When academics grow up they still behave as their students do: sitting at the back and hoping no one picks on them for input. I wonder how many chairs there are at the University: tens of thousands I imagine. Perhaps the entire student population could sit down there at once, but many of them would definitely be visible at the front.
We don’t normally do spring graduations. These are replacements for the ceremonies that were going to take place in December and then were cancelled at two day’s notice because everyone in ‘Authority’ had another outbreak of paranoia that — let’s look back and be honest about this — turned out to have very little basis in sensible judgments of risk. Anyway, I’m glad they finally made it. It offers a, hopefully singular, opportunity to picture the daffodil/graduation conjunction. And yes, the litter is there but let’s try to work it into the composition somehow.
Not quite Wordsworth’s multitude but there are certainly a lot of these sprouting outside the Ellen Wilkinson Building on campus at the moment, something the rather random focus point of this shot is intended to capture. This is the 700th Manchester shot to feature on here, by the way.
It’s voting season for the Students’ Union. I’m certainly endorsing Candy’s candidacy. With a name like Candy Kong how, indeed, can one go wrong. She should be given a position of power with immediate effect.
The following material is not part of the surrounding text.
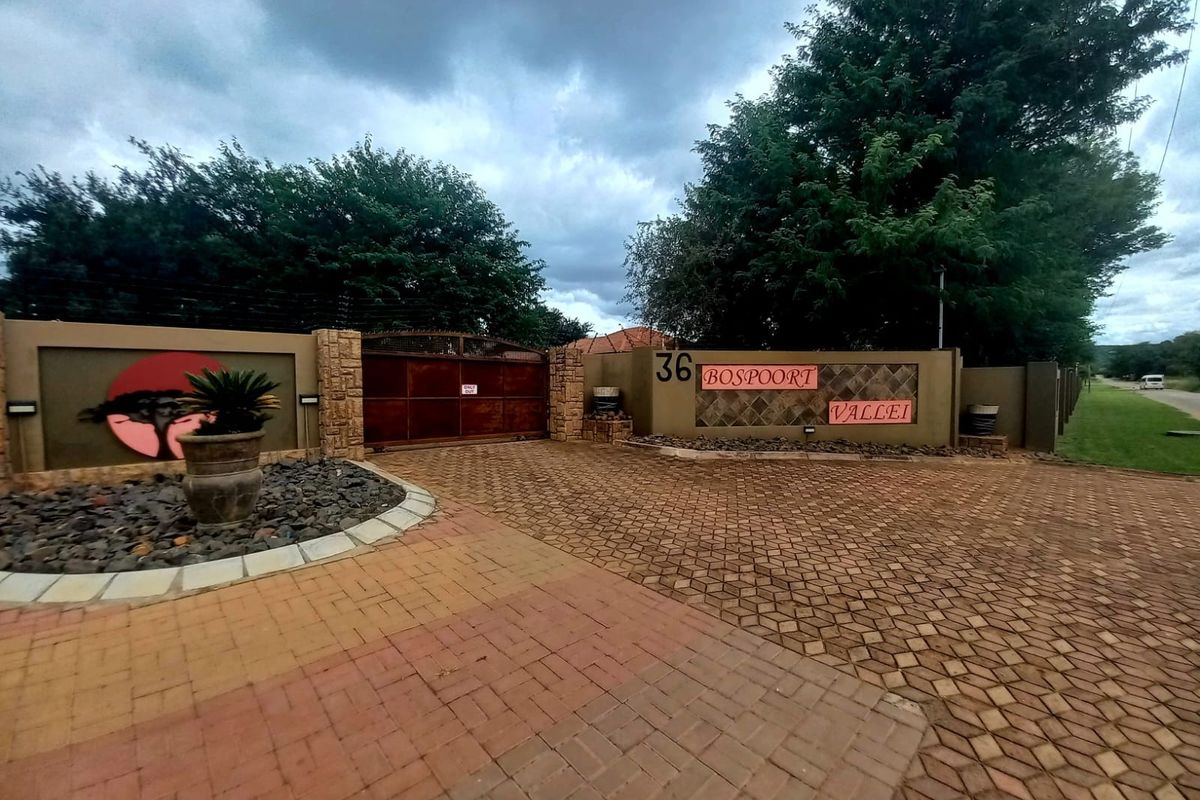 Front entrance view of the property featuring a paved driveway, secure metal gate, perimeter wall with electric fencing, and decorative stone cladding.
For the first three weeks of this semester I have been giving some classes in the Chemistry building, where resides this interesting display: I’m sure you realise what is going on here. As today was the last of these three classes, and I may never come back in here again, I thought I would capture it while I had the chance. They have omitted to include examples of the radioactive elements, but that’s probably a good thing.
22/02/2022 was today’s date, and a Twosday too: so Radon, to bottom right, perhaps is the most representative of these.
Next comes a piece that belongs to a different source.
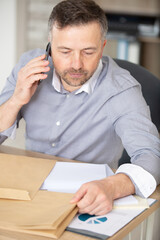 Naklejka premium man talking on landline phone - operators in the office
Somewhat continuing a theme from yesterday, but hey. Definitively, the first blossom I’ve seen of the year turns up in the courtyard of the Ellen Wilkinson Building, as it has done before (it’s a finely sheltered spot).
The students are back — fortunately — and campus was busy today. All the same I want to epitomise the day with this unpeopled shot. If even recycling bins, and yellow warning signs, can look pretty, then you know the light is something special.
The last taught class of the first semester, and of 2021. The students show off the ideas they’ve been working on in groups over the last few weeks — including, here, 3-D printing being used to create replicas of famous artworks that people can then touch and interact with, which seems a reasonable idea to me. It was an engaging, interesting class, and one that if I had listened to my paranoid employer, I should have hoiked online at 12 hours’ notice. But I didn’t listen, and the life of everyone involved was all the better for it.
At times in a British December it’s hard to believe there is such a thing as sunlight, so this was a welcome burst on an otherwise grey day, illuminating those of us taking a break in University Place. For once, on this shot, I don’t mind the appearance of litter bins.